Collected data
:::::

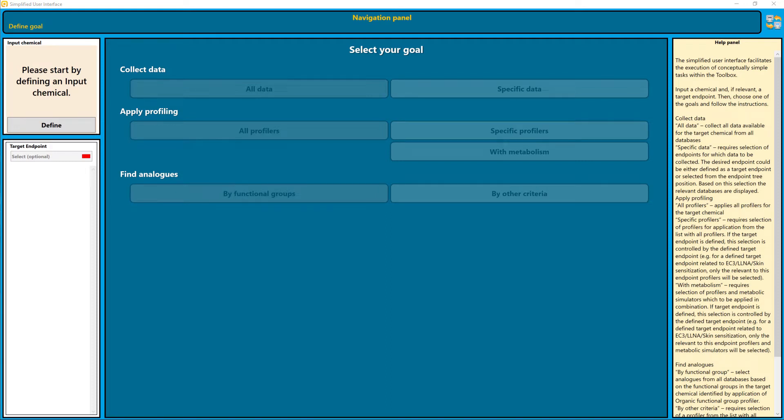When you open the CUSA toolbox, you can choose between the simplified user interface and the classical user interface. I am going to show you briefly what you can do with the simplified user interface. Just to note that the simplified user interface is foreseen to be replaced by the web client in the not so far future.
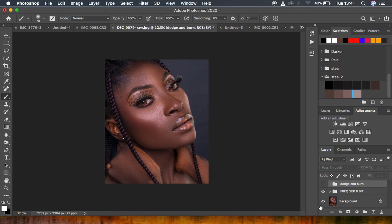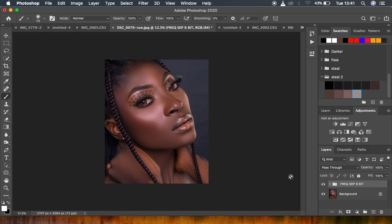This is the image after doing my frequency separation, and this is the image after dodging and burning — you can see it's really eye-catching and attractive with that depth and 3D feel. I'm going to delete the dodge and burn so you can learn everything from the start. Remember, we are simply going to be using curves and drawing with a white brush.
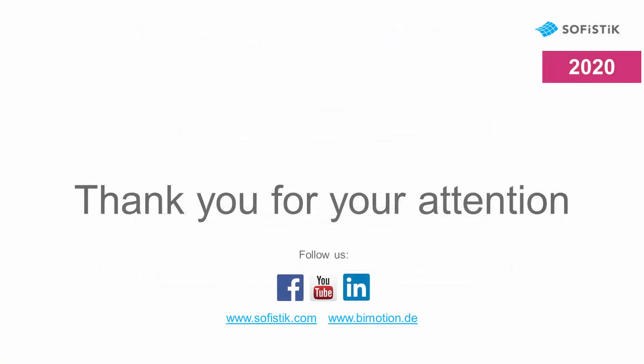Here ends the Soficad video documentation playlist. I hope you have enjoyed it and learned to improve your productivity. Thank you very much for your attention.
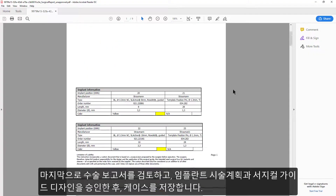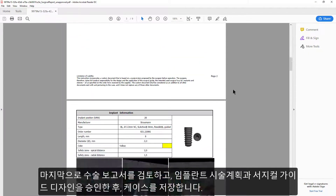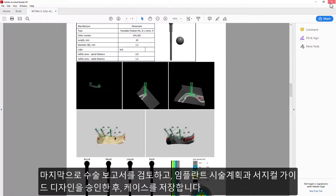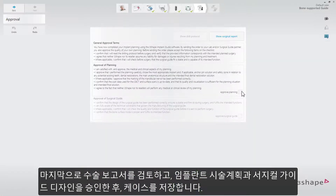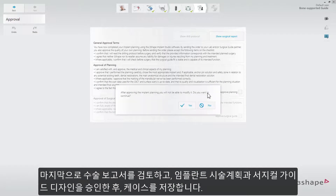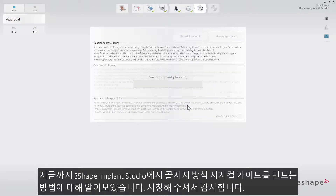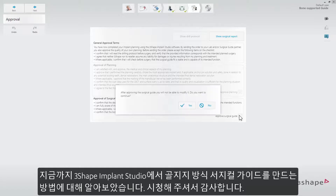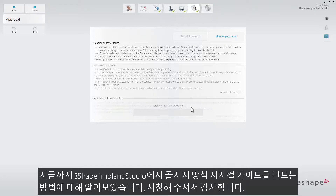Review the Surgical Report. Approve the Implant Planning and Surgical Guide Design. Now you know how to create a bone-supported surgical guide in Implant Studio. We hope this was helpful, and thank you for watching.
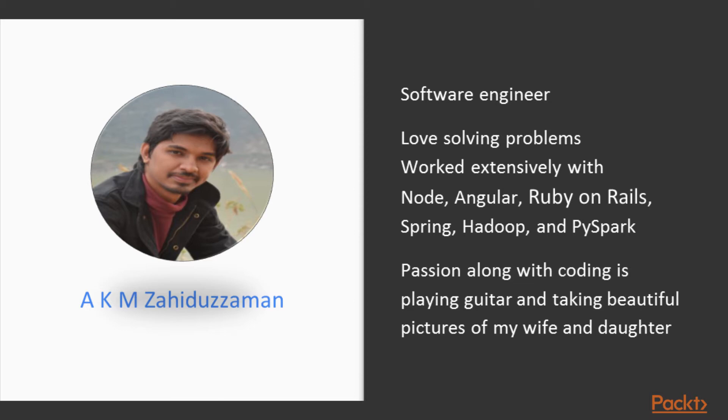My passion along with coding has been always playing guitar and taking beautiful photos of my wife and daughter.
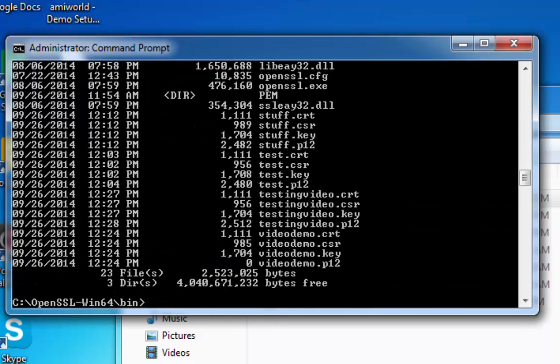And you are done. You see I have one called Testing Video.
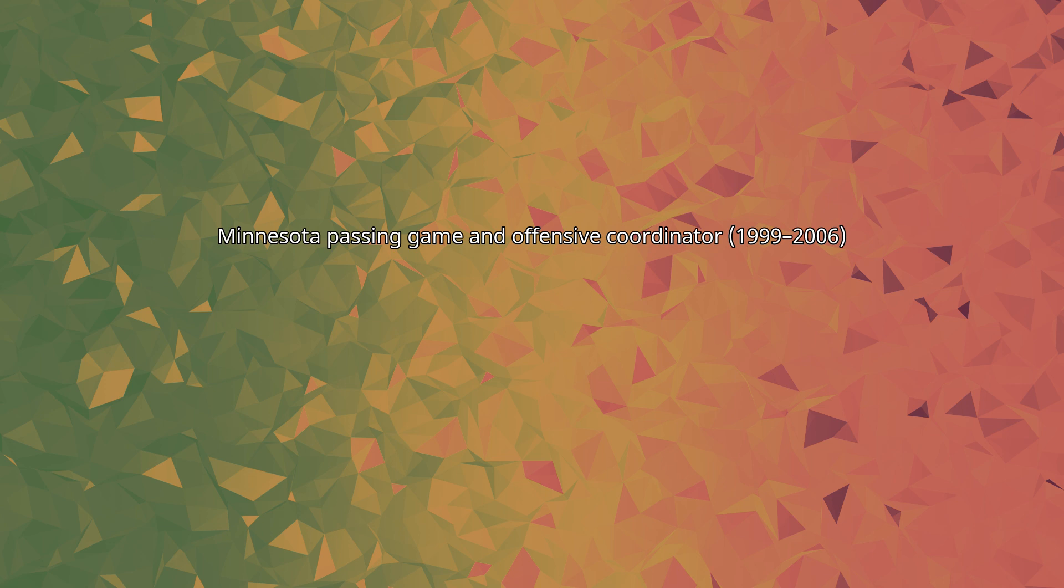Minnesota also appeared in five bowls, including three consecutive wins, the 2002 Music City Bowl, 2003 Sun Bowl, and 2004 Music City Bowl.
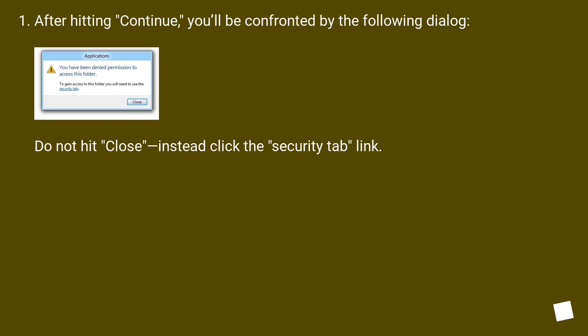After hitting Continue, you'll be confronted by the following dialog. Do not hit Close — instead, click the Security Tab link.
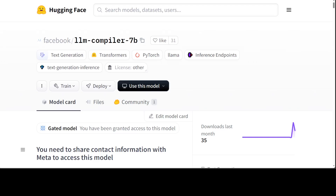They compared LLM Compiler foundation to Code Llama base, and LLM Compiler fine-tuned to Code Llama Instruct. They evaluated LLM Compiler's ability to emulate compiler optimization by giving it samples of unoptimized intermediate representations and a randomly generated list of optimizations, then asked the model to generate the corresponding IR after the optimizations had been applied. In one benchmark testing accuracy at emulating compiler optimization, LLM Compiler achieved 20% accuracy whereas Code Llama had just 0.8% — remarkable. They also evaluated disassembly performance by giving the model x86 assembly code and asking it to generate the corresponding IR, which the model did with high accuracy and efficiency.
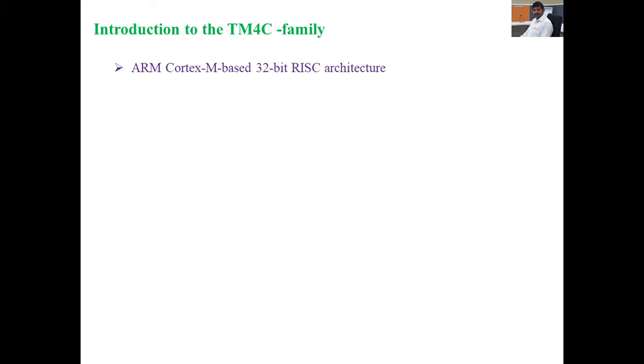TM4C family. TM means Texas Machines. They are designing various processing elements which are used in embedded systems. For example, TM4C123GH6PM — it is a 32-bit microcontroller. This TM4C family contains the ARM Cortex-M based 32-bit RISC architecture.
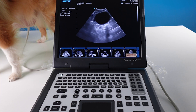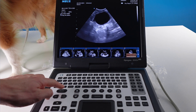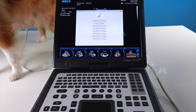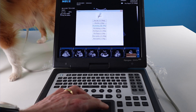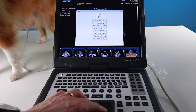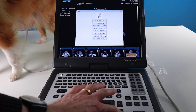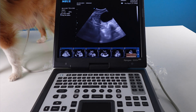First of all, make sure you are in the right exam type. To do this, hit exam and make sure you are in Pet Repro. Hit set to go into Pet Repro.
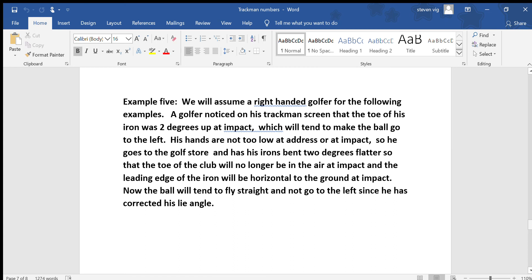Example 5 — we'll assume a right-handed golfer. The golfer noticed on his TrackMan screen that the toe of his iron was 2 degrees up at impact, which will tend to make the ball go to the left. He checked and his hands were not too low at address or impact. Then he goes to the golf store and had his irons bent 2 degrees flatter so that the toe of the club was no longer in the air at impact and the leading edge of the iron would be horizontal to the ground at impact. Now the ball will have more of a tendency to fly straight and not go to the left since he has corrected this lie angle.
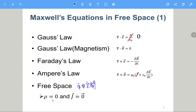Free space means mathematically that the charge density rho is zero everywhere, and the current density is also zero over the whole space. This is the free space assumption. In the exam I think I will ask you to derive the wave equation without this assumption — of course the wave equation is more difficult to solve in that case, but I will not require you to solve it.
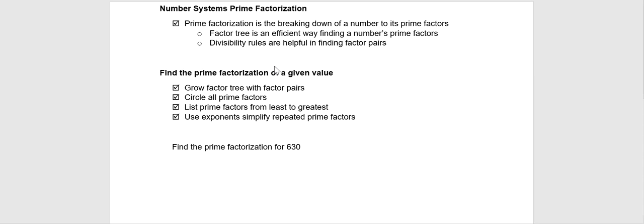We're going to take this video to review prime factorization. If you recall,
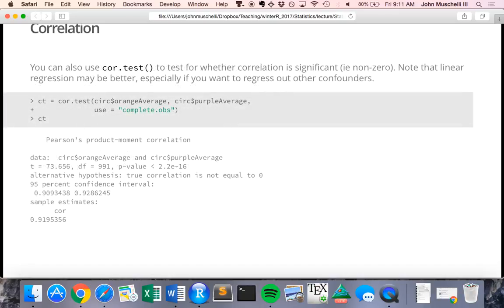`cor.test` performs significance tests on correlations. Unlike `cor`, this function requires two vectors — not matrices. Assign the output to `ct`. It outputs the t-statistic, degrees of freedom, p-value, alternative hypothesis (true correlation is not equal to zero), the 95% confidence interval for the correlation, and the estimated correlation — very similar to output from a t-test.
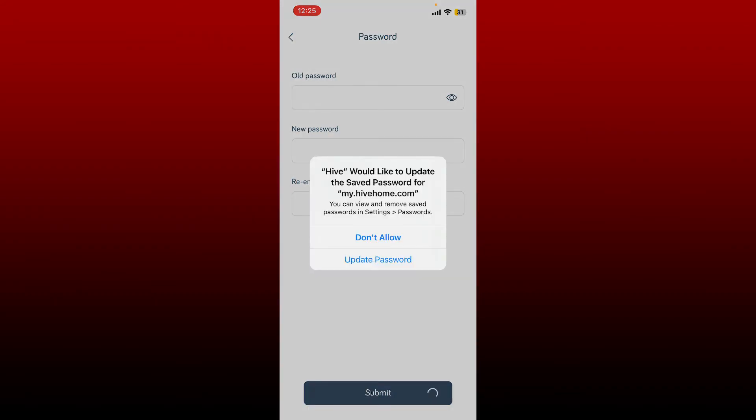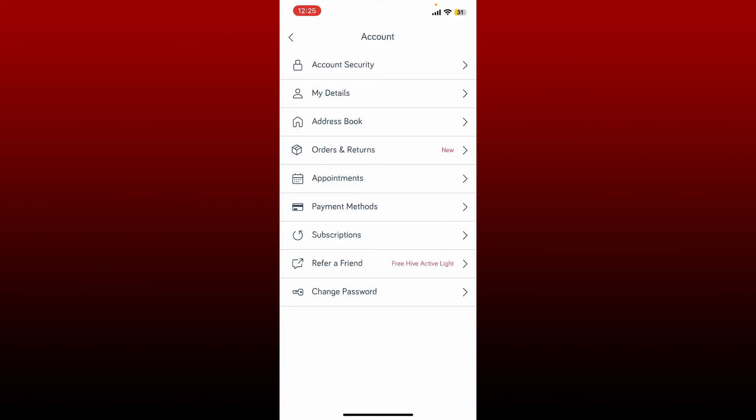Tap on Update Password button, and that way you'll be able to change your password on Hive application. Next time you log into your account, remember to enter the new password that you changed to.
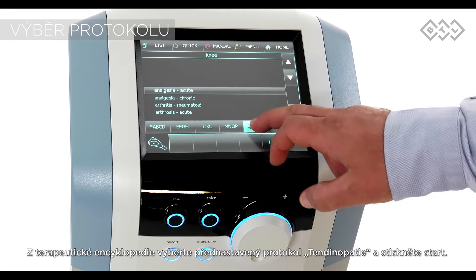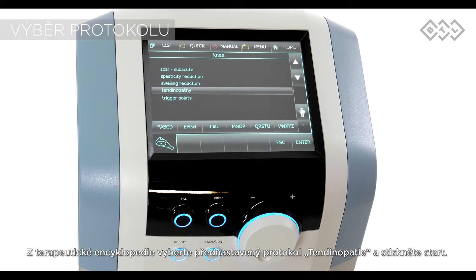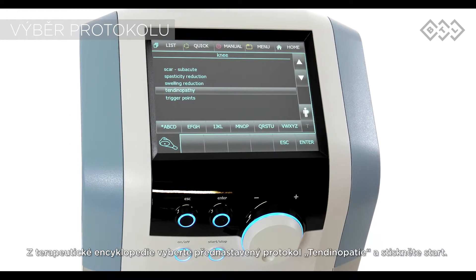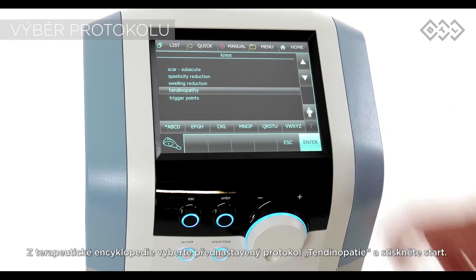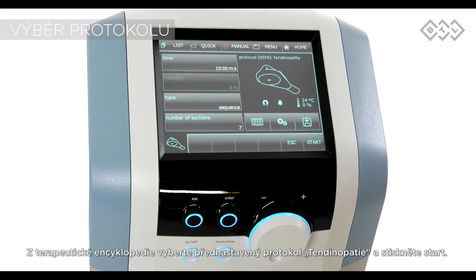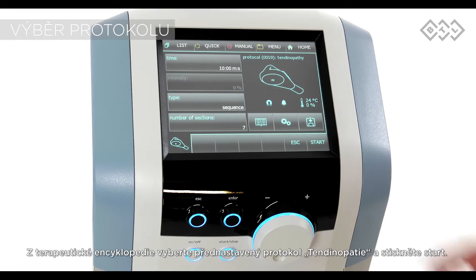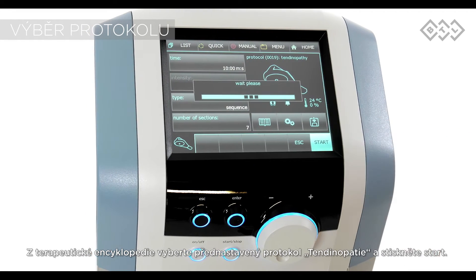To reach the analgesic effect in the treatment of patellar tendinopathy, select the tendinopathy protocol on the main unit and press start.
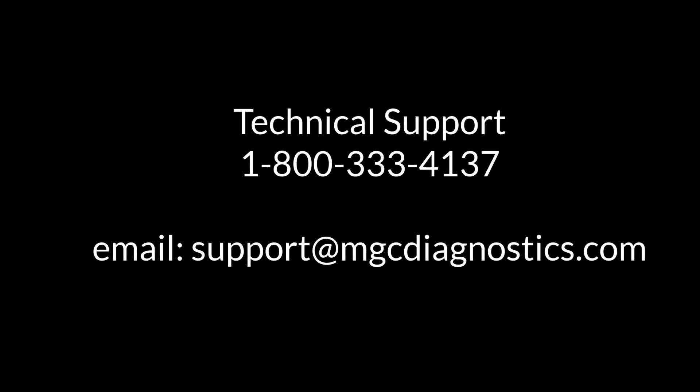Thank you for watching this video. For more information, or if you have questions on patient query, please contact technical support at 1-800-333-4137 or email us at support at mgcdiagnostics.com.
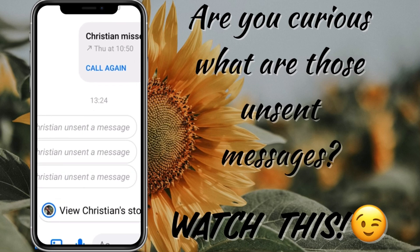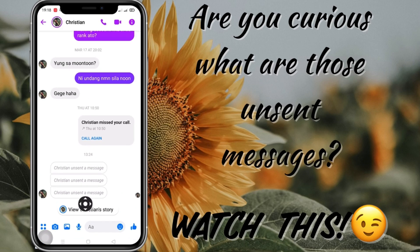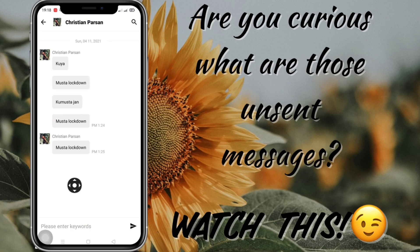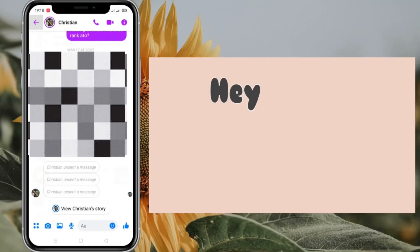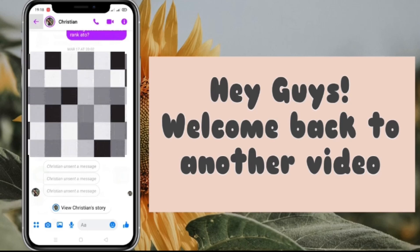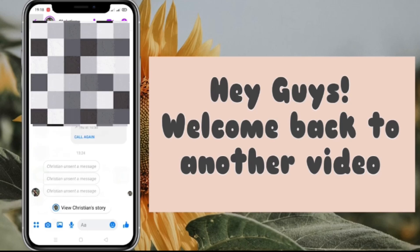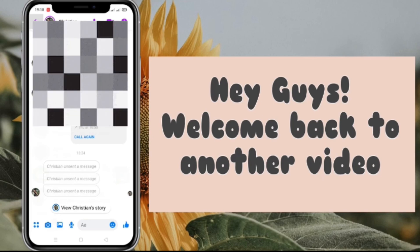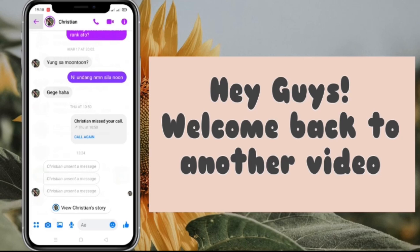Are you curious what those unsent messages are? Well, watch this. Hey guys, what's up — this is Christine again and welcome back to my channel. Our video for today is quite different because this is not about YouTube. I just want to share this to you guys, just in case you didn't know yet, how to read those removed messages on Messenger. Sometimes I get notified that I have a message but when I open it, it's already removed — I asked what those messages were and they refused to answer me, so I got curious.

:::::

**What is being asked**
Using the data above, output the line that has "Minnesota also appeared", the line that has "After hitting Continue, you'll", and whatever lines fall between, each exactly as it stands and without pictures.

**Exercise result**
Minnesota also appeared in five bowls, including three consecutive wins, the 2002 Music City Bowl, 2003 Sun Bowl, and 2004 Music City Bowl.
After hitting Continue, you'll be confronted by the following dialog. Do not hit Close — instead, click the Security Tab link.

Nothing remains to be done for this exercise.